Ransomware attacks (and all cyberattacks, generally) all follow a similar sequence. In order to stop these attacks consistently, your security strategy should aim to disrupt as many stages of this attack chain as possible, which maximizes your chances of stopping the attack even if the threat actors should evade some of your security controls. The stages of the attack sequence are as follows:
Figure 1: Ransomware attack sequence
1. Reconnaissance: Many ransomware attacks–especially ones targeted to large organizations–are extremely well-researched. Threat actors find out all the information that they can about your company, including who works there, what infrastructure is exposed to the internet, what applications are in use, and where you likely keep your most sensitive information. A key tactic to disrupt reconnaissance is to make yourself hard to find and hard to exploit.

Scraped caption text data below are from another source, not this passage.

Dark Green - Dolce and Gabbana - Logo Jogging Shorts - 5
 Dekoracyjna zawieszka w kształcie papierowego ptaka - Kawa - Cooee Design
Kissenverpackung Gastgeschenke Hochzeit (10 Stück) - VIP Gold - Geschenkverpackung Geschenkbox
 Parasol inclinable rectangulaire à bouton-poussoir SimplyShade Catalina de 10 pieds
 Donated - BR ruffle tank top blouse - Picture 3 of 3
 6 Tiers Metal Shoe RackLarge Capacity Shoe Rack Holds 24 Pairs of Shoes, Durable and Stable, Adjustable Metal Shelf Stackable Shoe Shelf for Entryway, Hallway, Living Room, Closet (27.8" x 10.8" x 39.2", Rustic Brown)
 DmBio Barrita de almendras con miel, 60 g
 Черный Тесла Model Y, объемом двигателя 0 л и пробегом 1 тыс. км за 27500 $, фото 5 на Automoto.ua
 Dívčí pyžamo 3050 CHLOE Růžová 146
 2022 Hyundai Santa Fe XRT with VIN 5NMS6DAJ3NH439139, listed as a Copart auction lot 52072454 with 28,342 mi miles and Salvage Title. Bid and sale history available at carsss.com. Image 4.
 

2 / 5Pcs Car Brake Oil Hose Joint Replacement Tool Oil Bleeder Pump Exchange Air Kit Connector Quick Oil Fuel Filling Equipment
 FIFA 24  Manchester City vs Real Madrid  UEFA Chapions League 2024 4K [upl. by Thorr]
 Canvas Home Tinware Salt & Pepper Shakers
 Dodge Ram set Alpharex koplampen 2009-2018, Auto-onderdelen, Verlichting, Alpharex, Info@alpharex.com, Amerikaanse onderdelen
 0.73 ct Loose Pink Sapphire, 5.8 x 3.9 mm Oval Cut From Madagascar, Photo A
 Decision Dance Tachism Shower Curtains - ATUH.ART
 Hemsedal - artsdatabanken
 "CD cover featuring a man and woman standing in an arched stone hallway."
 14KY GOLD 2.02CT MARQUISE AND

– Remove vulnerable, routable appliances such as VPNs and north-south firewalls, in favor of more modern options for secure access.
– Hide your key applications behind a proxy architecture so that they can’t be exploited.
– Keep software and devices up-to-date with the most recent versions and security patches.
– Identify and remediate misconfigurations and oversharing in cloud storage that may lead to discoverable data.
2. Compromise: Once a threat actor maps out their attack plan, they will need to compromise your organization. This could be through phishing, brute force, or through an exploit of a vulnerability. Putting robust inline security controls in place to deeply inspect traffic and block malicious files and behaviors is critical.
– Inspect as much traffic as possible–including encrypted traffic, as attackers utilize encrypted channels in more than 85% of attacks.
– Utilize layered AI-powered security controls, including inline sandboxing, to stop never-before-seen threats. Attackers spin up new infrastructure extremely rapidly; the average phishing page is only 13 hours old. Relying on blocklists that only get updated every 12-24 hours is not good enough.
– Only allow access to your crown jewel applications from managed devices, and ensure that your security strategy includes device posture checks to protect your sensitive data from attacks that start with credential theft.
3. Lateral movement: When the attacker is in, they’re going to escalate their privileges and perform internal reconnaissance, usually starting with the Active Directory. Ransomware attackers will then propagate their ransomware payloads across your infrastructure in order to encrypt data. Utilize zero trust strategies to minimize access and limit the blast radius of these tactics.
– Use ZTNA to maximize microsegmentation, connecting users only to one application at a time–never the network.
– Ring-fence your applications with deceptive decoys that lure and confuse attackers, and that alert your SOC that malicious activity is underway.
4. Data theft: In double extortion or encryption-less ransomware attacks, the threat actor will find valuable information and exfiltrate it to a command-and-control server or a file sharing site where they can then hold it for ransom.
– Know your data: use AI-powered data classification tools to tag sensitive data and give yourself visibility into its movement.
– Inspect your outgoing traffic–again including encrypted channels–and utilize policies to stop data from leaving sanctioned storage locations.